我正在使用排序基准对Spark进行简单的缩放测试 - 从1个核心到8个核心。我注意到8个内核比1个内核慢。

  //使用1核心$ b $运行spark#spark-submit --master local [1] --class john。 sort.jar data_800MB.txt data_800MB_output 

//使用8核心运行spark
spark-submit --master local [8] --class john.sort sort.jar data_800MB.txt data_800MB_output

每种情况下的输入和输出目录都在HDFS中。


<1>核心:80秒

<8>核心:160秒


我预计8核心性能会有x倍的加速。

解决方案

理论局限性

假设您熟悉



其中

>


  • s - 是并行部分的加速。
  • p - 是可以并行化的程序的一部分。



实际上,理论加速总是受限于无法并行化,即使 p 相对较高(0.95),理论上的限制也相当低:



)本文件采用知识共享署名 - 相同方式共享3.0 Unported许可协议授权。

署名: Daniels220 at 英语维基百科



约束你能得到多快。如果令人尴尬的平行工作,您可以预计 p 会相对较高。但我不会梦想任何接近0.95或更高的东西。这是因为

Spark是一个高成本的抽象

在数据中心规模上从事商品硬件工作。它的核心设计重点在于使整个系统稳健并且不受硬件故障的影响。当您使用数百个节点
并执行长时间运行的作业时,这是一个很棒的功能,但它不能很好地缩小。


Spark并非专注于并行计算 在实践中,Spark和类似系统主要关注两个问题:

$ ul

  • 通过在多个节点之间分配IO操作来减少整个IO延迟。

  • 增加可用内存量而不增加单位成本。



  • 这是大型数据密集型系统的基本问题。 p>

    并行处理比主要目标更具特定解决方案的副作用。火花首先分配,平行第二。主要的一点是通过扩大规模来增加数据量来保持处理时间不变,而不是加速现有的计算。

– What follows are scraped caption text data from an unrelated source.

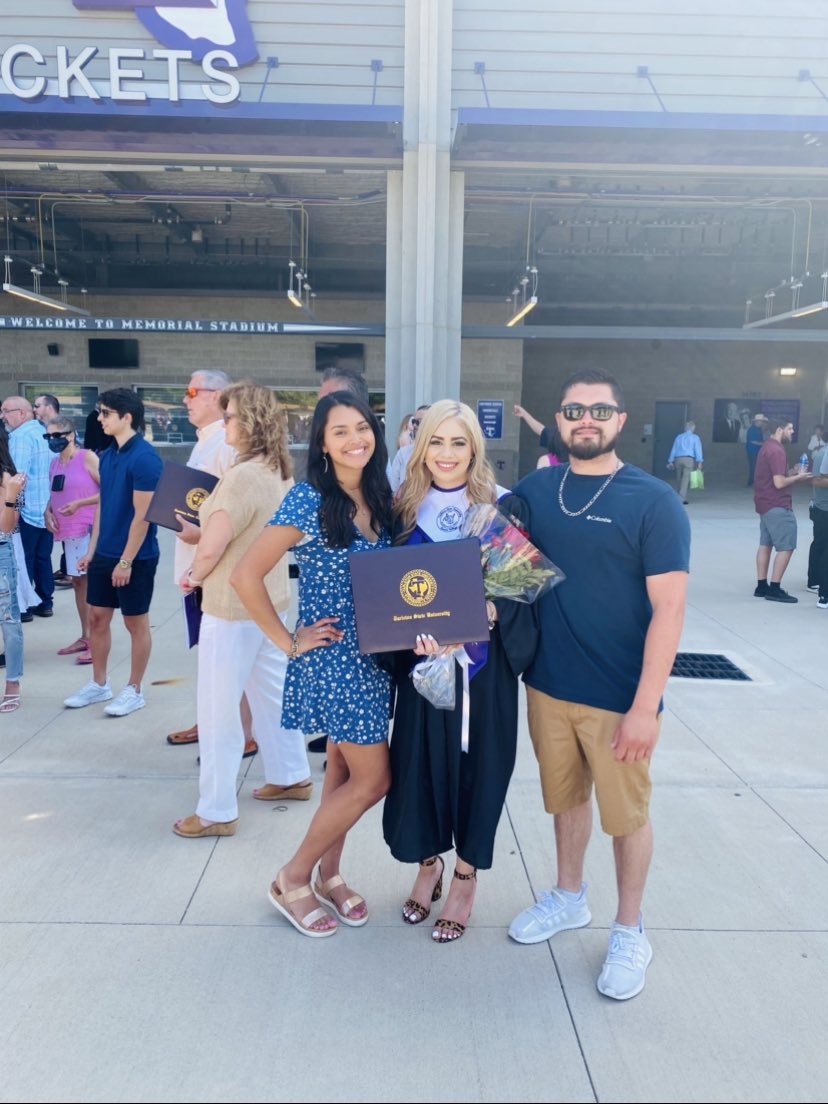 maribel_cazarez's tweet photo. We officially have another Tarleton Grad in the family now!! 🎉💜 So proud of my sister! @TarletonState https://t.co/ZWYnrWD93w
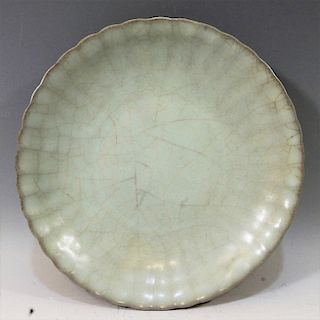 CHINESE ANTIQUE GUAN TYPE DISH - 18TH CENTURY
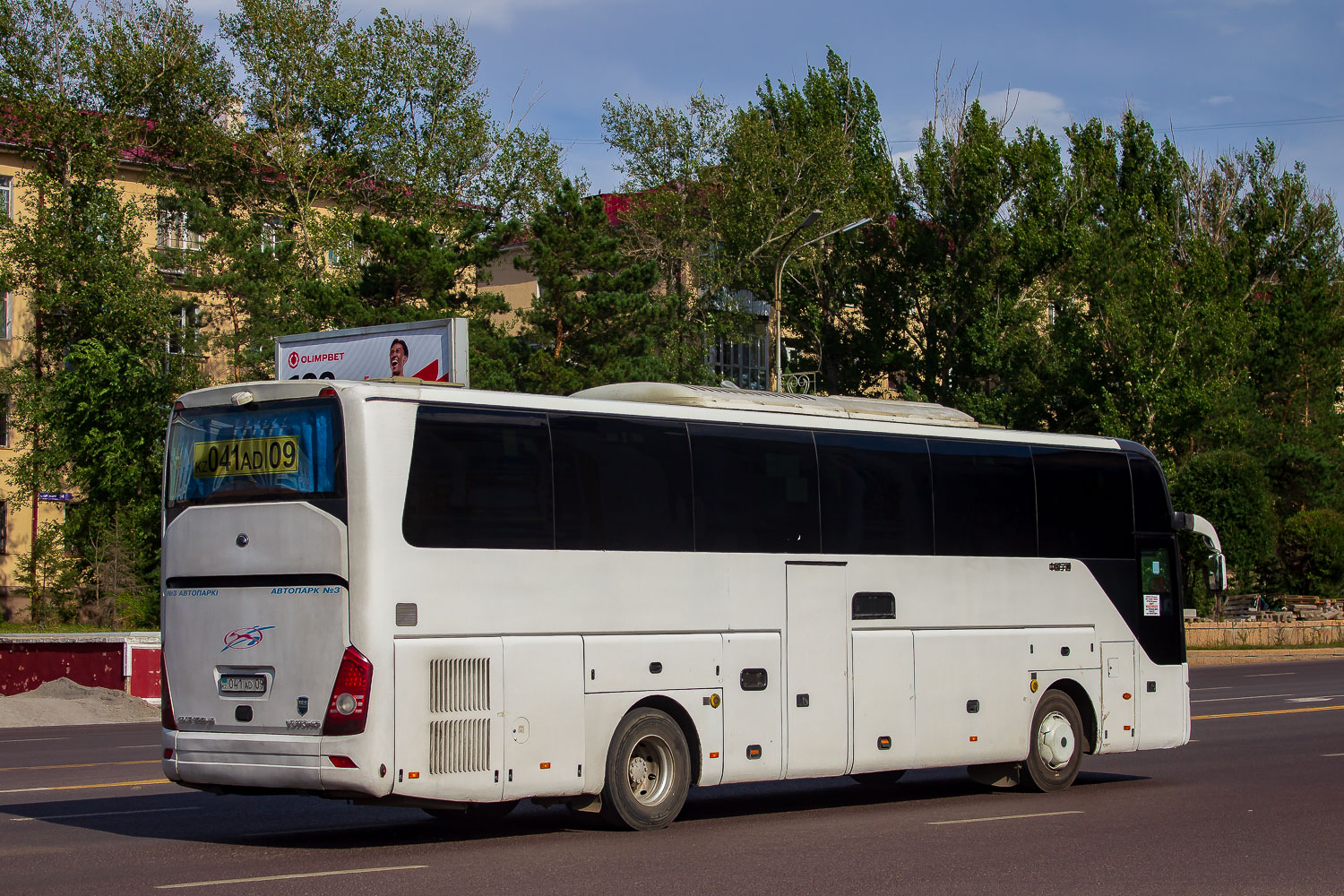 Карагандинская область, Yutong ZK6122H9 № 041 AD 09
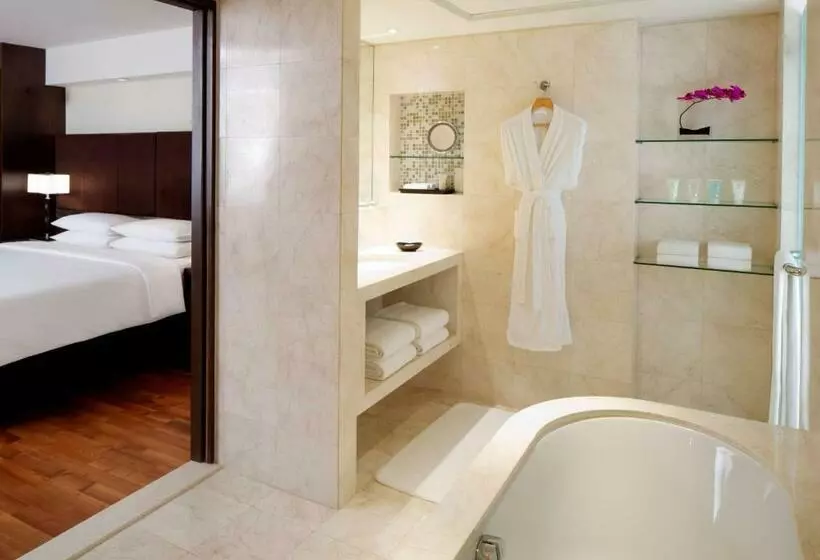 エクゼクティブスイート, Hyatt Regency Dubai   Corniche
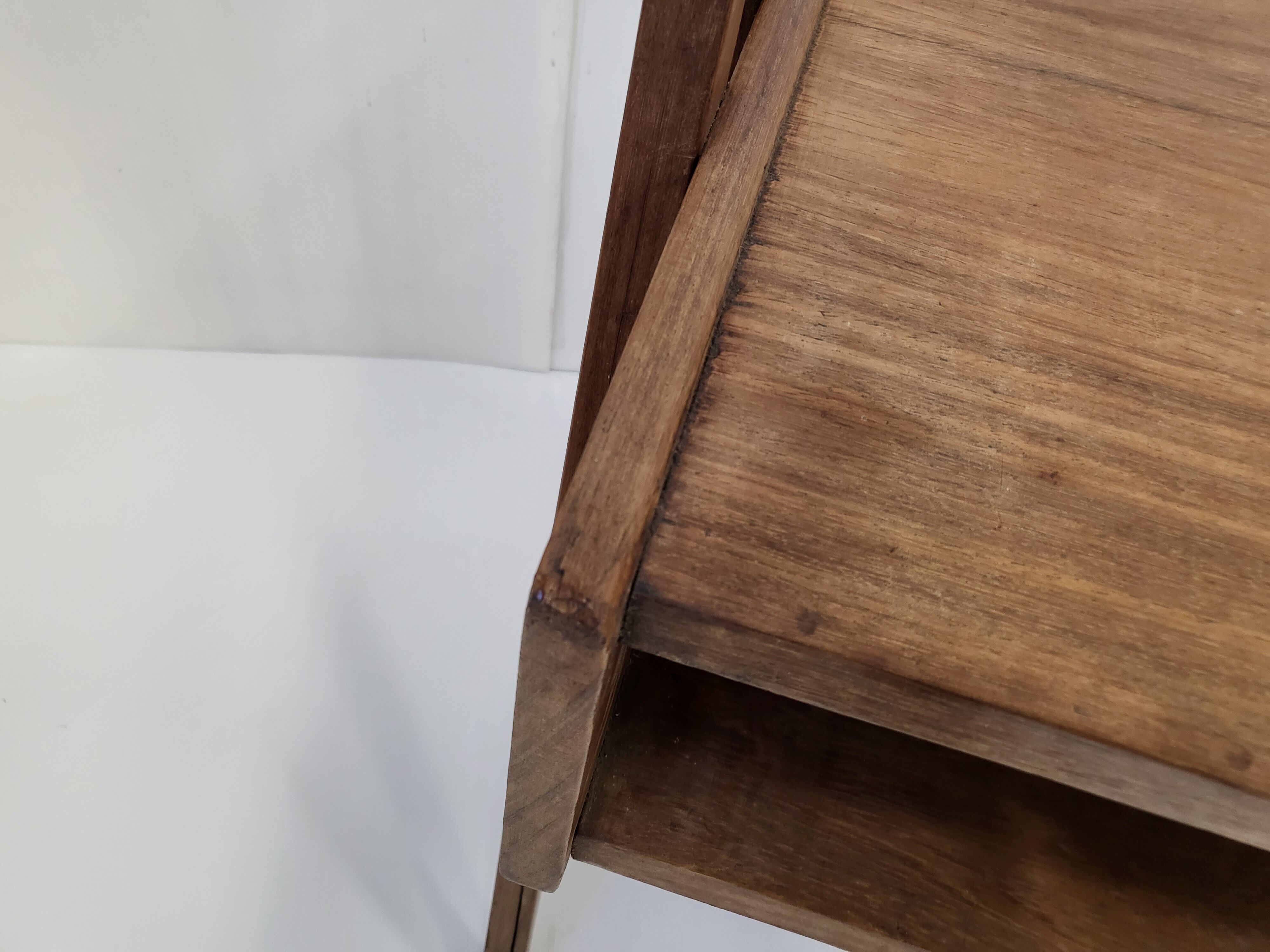 Vintage table 1950 compass feet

    使用现代协处理器和GPGPU,可以实现更高的并行性在一台机器上,而不是典型的Spark群集,但由于IO和内存限制,它不一定有助于数据密集型作业。问题是如何加载数据足够快,而不是如何处理它。



    实际影响




    • Spark不是单个机器上多处理或多线程的替代品。

    • 在单台机器上增加并行性不会带来任何改进,并且通常会导致组件开销下降。



    在此情况下



    假设类和jar是有意义的,它确实是一种排序方法,它只需要读取数据(单个分区,单个分区)和单个分区上的内存排序比执行整个火花分拣机器与洗牌文件和数据交换。

    I am doing a simple scaling test on Spark using sort benchmark -- from 1 core, up to 8 cores. I notice that 8 cores is slower than 1 core.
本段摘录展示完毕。